The investment included installing biomass plants, a fully automated seed drying facility, a crushing and filtration system, and expanding the factory to bring all aspects of production under one roof – from the primary intake at harvest to product dispatch. At the same time, plastic reduction involves stripping PVC plastics from its supply chain and replacing them with PET biodegradable and paper alternatives.
"The investment in biomass enabled us to use straw byproduct from our crops to heat the factory's water and offices and, most importantly, dry our rapeseed at harvest – achieving an 85% reduction in fossil-fuel use while drying seed faster and more efficiently with full control of the process to ensure optimum moisture levels for maximum yield and profitability," explains Gregor.
"The new seed extraction and filtration plant increased capacity in a 24/7 process, producing more oil with less energy and increasing oil yield. It has also reduced waste oil in the process, and the byproduct meal is all used in cattle and chicken feed."
The investment is also making the supply chain more sustainable, including for contract growers.
"The new facility allows local farmers to supply seed directly from the field ensuring all seed is dried with our green biomass energy. We currently process 5,000 tonnes, all sourced from home-grown and local farmers within a 40-mile radius, and now can support further growth,” said Gregor.

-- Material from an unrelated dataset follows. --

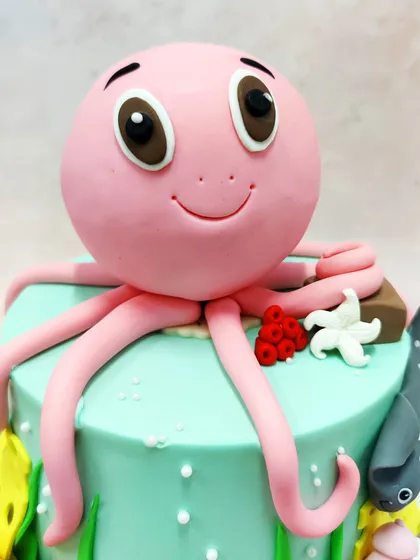 A close-up of our friendly pink octopus cake topper, with big, curious eyes and a happy smile.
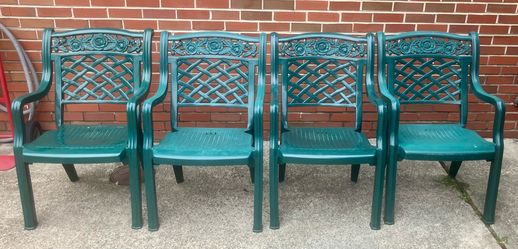 4 Hard Plastic Outdoor Chairs w/ Intricate Floral Design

Sustainability makes for good business, according to Peter Cook, and the £27 million ONE SeedPod industry innovation hub – an Aberdeen City Region Deal project led and co-funded by ONE - being built at Craibstone will provide a focal point for more food manufacturing innovation and growth, demonstrating the region’s leadership in the sector.
“The Mackie’s and Mackintosh of Glendaveny examples show the compatibility of commercially sensible investments and creating great sustainability credentials,” said Peter.